DATA FOR THIS TASK |
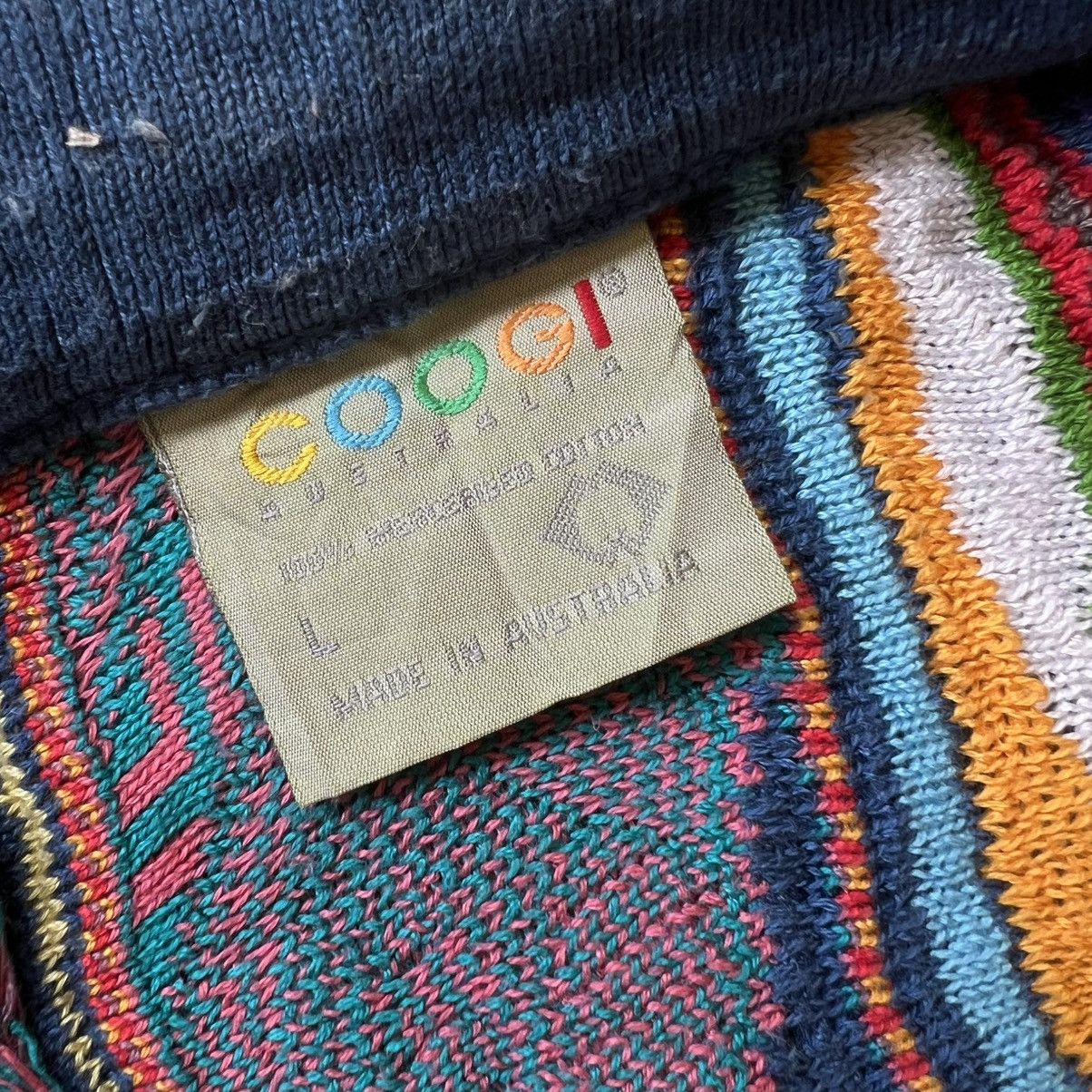 Coogi × Vintage Crazy Vintage Coogi 3D Cable Knit Sweater Size US L / EU 52-54 / 3 - 3 Thumbnail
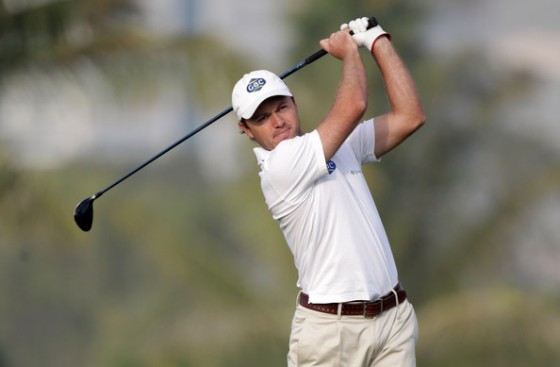 Richard Sterne, en el Dubai Desert Classic, una de sus últimas apariciones en 2011.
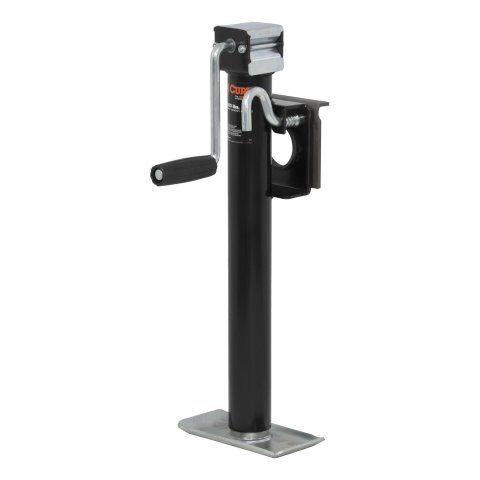 CURT Bracket Mount Swivel Jacks 28306 Trailer Jack, Mount, 2,000 lb. Capacity, 15 in. Travel, Steel, Painted, Side Wind, Each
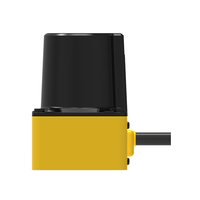 Sensor fotoeléctrico TOF de seguridad de área Lidar láser de escaneo 2D industrial con diseño de evitación de obstáculos de alta confiabilidad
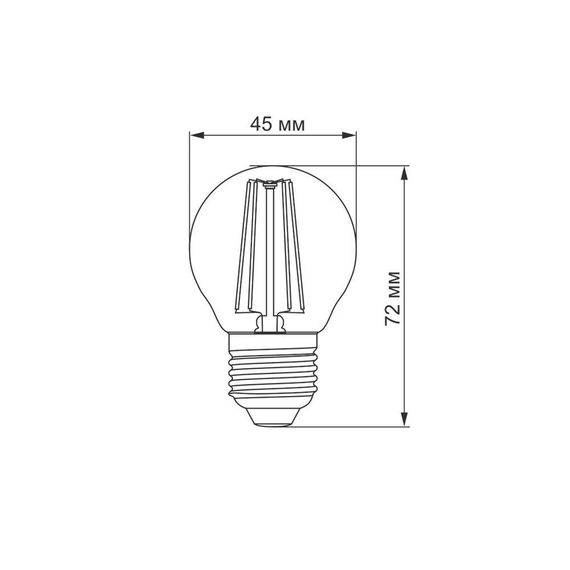 Світлодіодна лампа TITANUM  Filament G45 4W E27 2200K бронза | Зображення 2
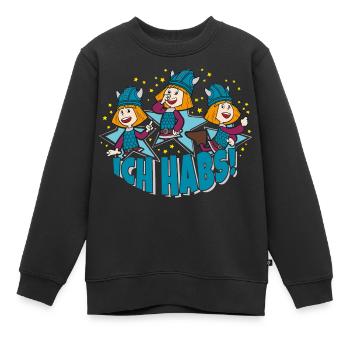 Wickie Und Die Starken Männer Ich Habs - Kinder Premium Organic Sweatshirt - Schwarz - Vorne - AI Model Kid Female (0cm)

WHAT THE TASK ASKS | Return exactly what appears from the opening line of the material through the line with "Світлодіодна лампа TITANUM", apart from the pictures.

ANSWER TO THIS PROBLEM |
 Coogi × Vintage Crazy Vintage Coogi 3D Cable Knit Sweater Size US L / EU 52-54 / 3 - 3 Thumbnail
 Richard Sterne, en el Dubai Desert Classic, una de sus últimas apariciones en 2011.
 CURT Bracket Mount Swivel Jacks 28306 Trailer Jack, Mount, 2,000 lb. Capacity, 15 in. Travel, Steel, Painted, Side Wind, Each
 Sensor fotoeléctrico TOF de seguridad de área Lidar láser de escaneo 2D industrial con diseño de evitación de obstáculos de alta confiabilidad
 Світлодіодна лампа TITANUM  Filament G45 4W E27 2200K бронза | Зображення 2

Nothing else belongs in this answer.